Multivariate statistics were also carried out: Unsupervised cluster analysis (hierarchical cluster algorithm; similarity measure set to Euclidean) and Partial Least Squares Discriminant Analysis (PLS-DA; N-fold validation, N = 4) were performed. Concerning PLS-DA, the loadings (compounds) used to build the class prediction model were plotted according to their weight within the latent vectors, and those being most relevant in class prediction (i.e., those having a score of above +0.05 rather than below −0.05) were exported to support or complement information from Volcano analysis.
Results
Plant biomass and mineral composition
The lettuce biomass decreased in response to an increase in sodium chloride and zinc sulfate concentration in the nutrient solution with more detrimental effects resulting from the NaCl treatment. The percentage reduction in biomass production in comparison to the non-salt control was significantly lower in plants treated with ZnSO4 (−25%) than in plants treated with NaCl (−53%, data not shown).
The macro and microelements concentration determined by ICP spectroscopy as a function of the nutrient solution treatments are displayed in Table 1. Sodium and zinc concentrations sharply increased in the corresponding treatments (NaCl and ZnSO4, respectively), and the effect was more marked for zinc, which increased more than 16 fold, compared to a < 5-fold increase for sodium.
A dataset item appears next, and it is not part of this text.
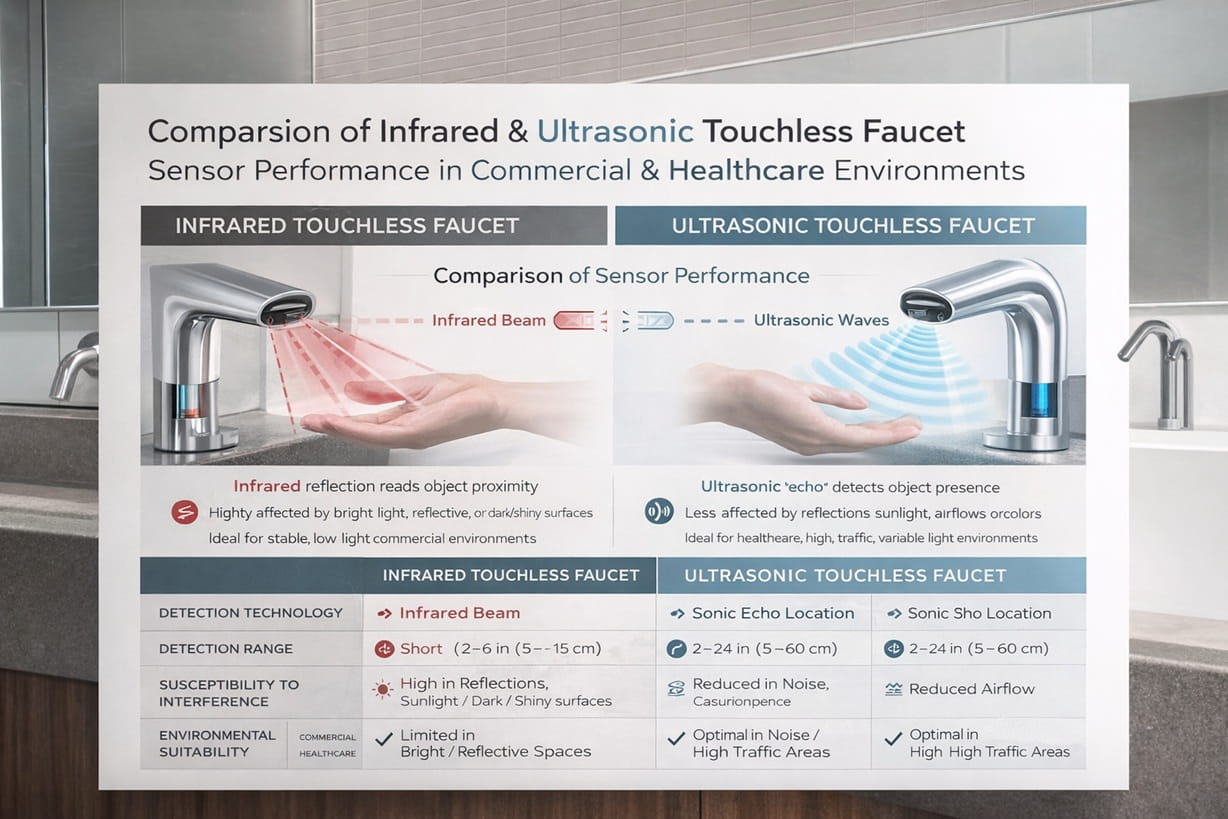 Comparison of infrared and ultrasonic touchless faucet sensor performance in commercial and healthcare environments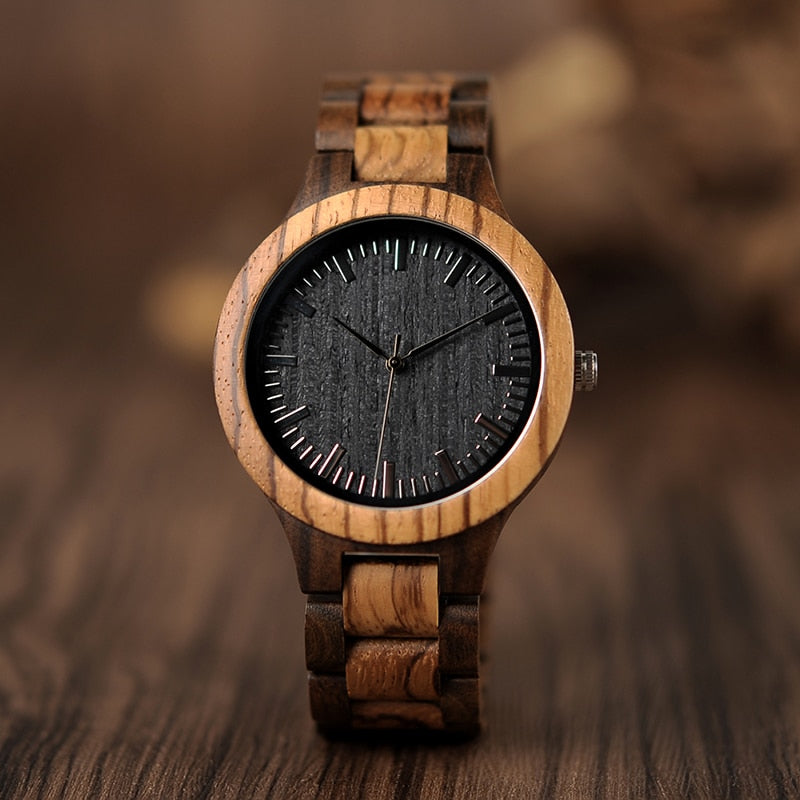 Men's Ebony Wooden Quartz Analog Wristwatch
Moreover, NaCl treatment decreased the lettuce root content of K while Fe concentration in root was reduced by ZnSO4 treatment.
Table 1.
Treatments | K | Mg | Na | Fe | Zn |
---|---|---|---|---|---|
Control | 48.1b | 1.2b | 0.67b | 44.0a | 40.3c |
NaCl | 46.5c | 1.9a | 2.72a | 44.0a | 52.3b |
ZnSO4 | 51.0a | 1.1c | 0.59c | 36.0b | 674.5a |
Significance | ** | ** | *** | ** | *** |
K and Mg values are reported in g kg-1, while values of Na, Fe, and Zn are expressed as mg kg-1. Superscript letters denote Student-Newman-Keuls post-hoc classes from one-way ANOVA (p = 0.01). Significant at
P ≤ 0.01 and
P ≤ 0.001.
Metabolic profile
Metabolomics in crop science are supposed to be prone to false positives, because databases are poorer than for model plants, and because they lack of tandem MS information. The combination of comprehensive databases like PlantCyc and KEGG in combination with proper data handling (i.e., the use of whole isotopic profile for identification, compounds alignments and filtering, and then recursive analysis) was effective in providing a wide metabolomic dataset and limiting false positives. All compounds were detected with low mass error (nominally below 5 ppm, and in the sub-ppm range in several cases). Starting from a total of more than 2400 compounds detected, recursive analysis and the following filters in Mass Profiler Professional dramatically reduced the compounds in the dataset to a number slightly above a thousand. The whole dataset, as gained after data processing, is provided as Supplementary Material.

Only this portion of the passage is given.